Write out the whole listing below exactly, skipping each picture.

- Recorded information -

= Beginning of Section =

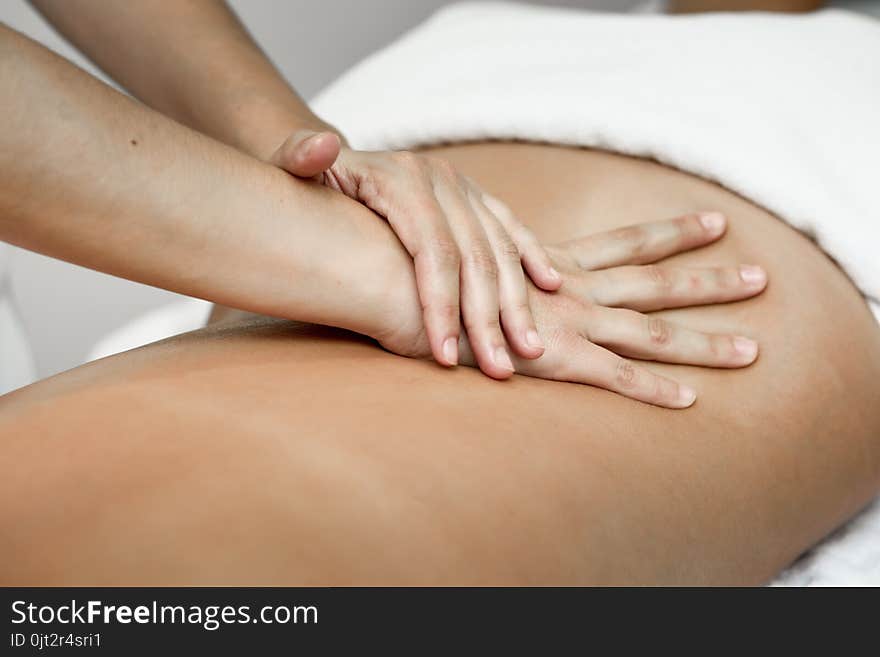 Young woman receiving a back massage in a spa center.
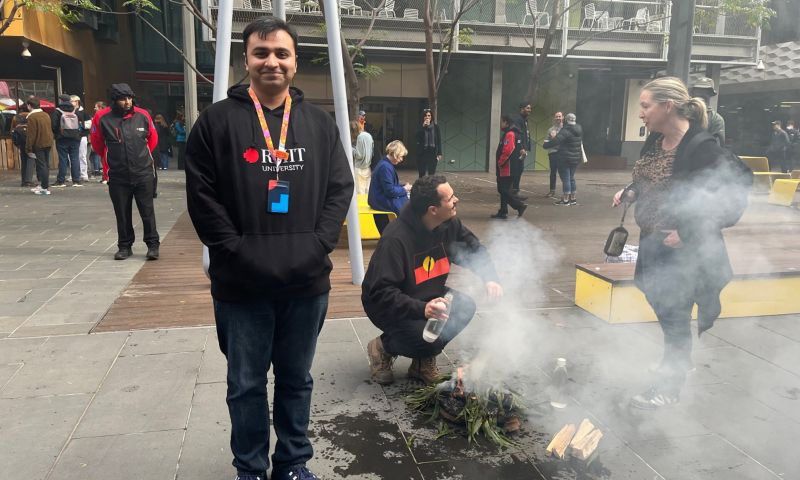 Student standing next to smoking ceremony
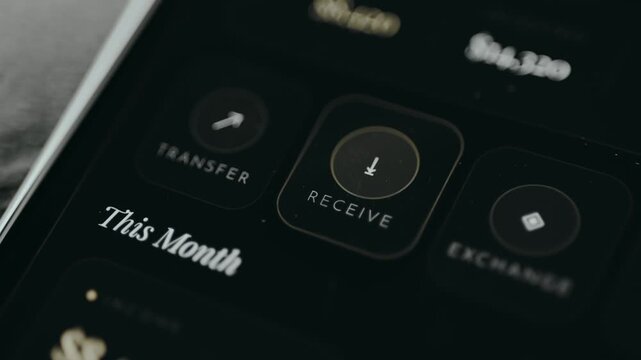 User taps the RECEIVE button for a financial transaction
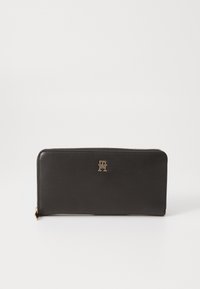 Black leather wallet with a zip closure, featuring a gold logo accent on the front, rectangular shape, and smooth texture.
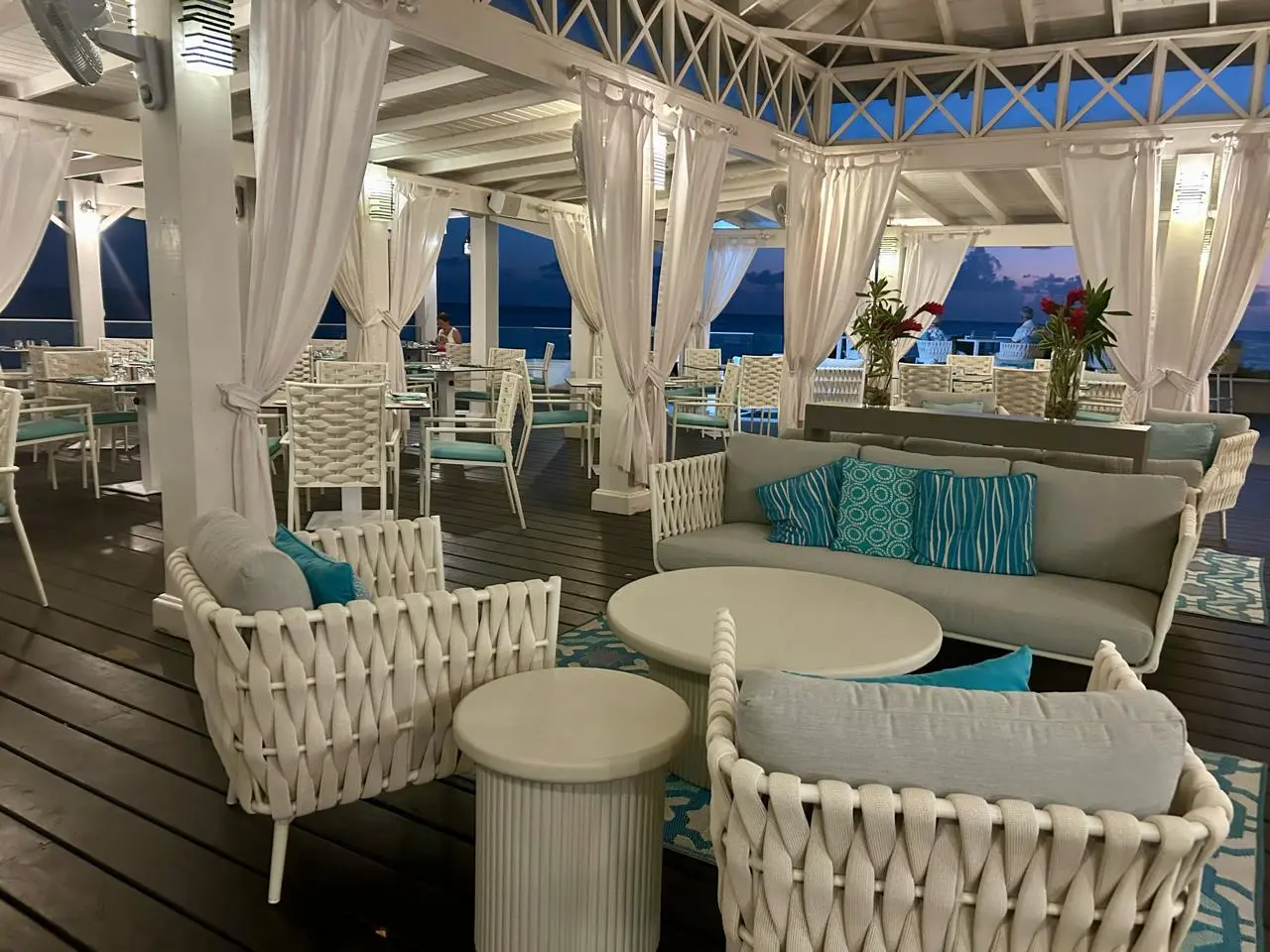Cozy lounge area at Aqua Terra Restaurant featuring white wicker furniture, colorful cushions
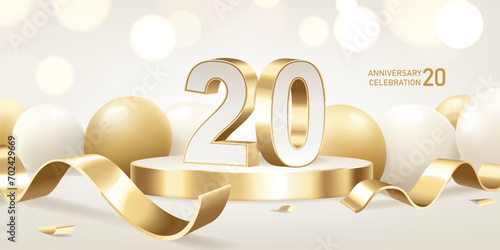 20th Anniversary celebration background. Golden 3D numbers on round podium with golden ribbons and balloons with bokeh lights in background. photo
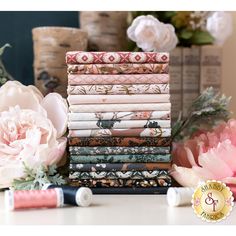 a stack of different colored papers next to pink flowers and other items on a table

= End of Section =

- Exercise result -
 Young woman receiving a back massage in a spa center.
 Student standing next to smoking ceremony
 User taps the RECEIVE button for a financial transaction
 Black leather wallet with a zip closure, featuring a gold logo accent on the front, rectangular shape, and smooth texture.
Cozy lounge area at Aqua Terra Restaurant featuring white wicker furniture, colorful cushions
 20th Anniversary celebration background. Golden 3D numbers on round podium with golden ribbons and balloons with bokeh lights in background. photo
 a stack of different colored papers next to pink flowers and other items on a table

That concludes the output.